Problem description |
When writing out the entries below, keep only the lines from the line with "image of woman with dark hair in red sweater" to the line with "kitchen with light", both included, exactly as they are, and leave the pictures aside.

*** Excerpted records ***

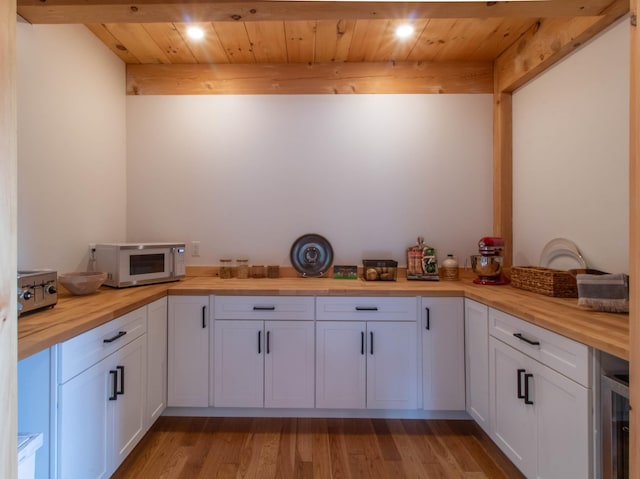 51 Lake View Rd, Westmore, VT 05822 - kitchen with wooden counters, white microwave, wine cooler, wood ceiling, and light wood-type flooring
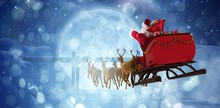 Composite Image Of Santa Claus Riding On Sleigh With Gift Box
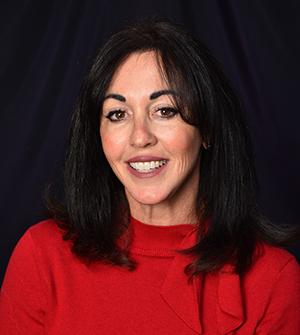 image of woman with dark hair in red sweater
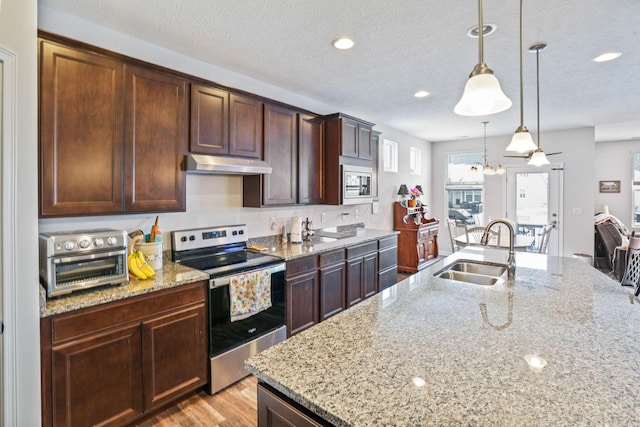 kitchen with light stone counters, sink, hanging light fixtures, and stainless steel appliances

*** End of Excerpted records ***
*** Excerpted records ***

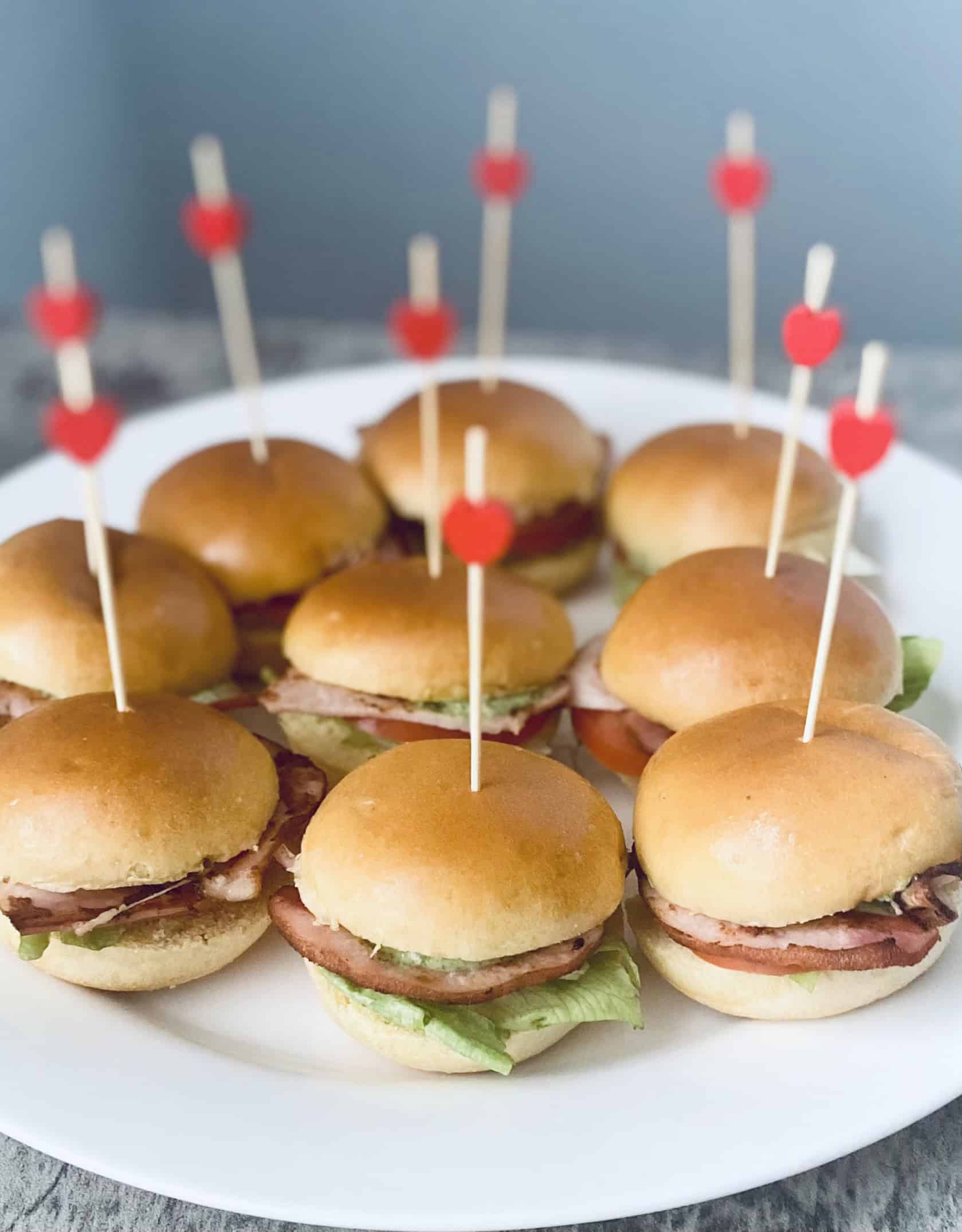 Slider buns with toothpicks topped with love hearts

*** End of Excerpted records ***

Answer section |
 image of woman with dark hair in red sweater
 kitchen with light stone counters, sink, hanging light fixtures, and stainless steel appliances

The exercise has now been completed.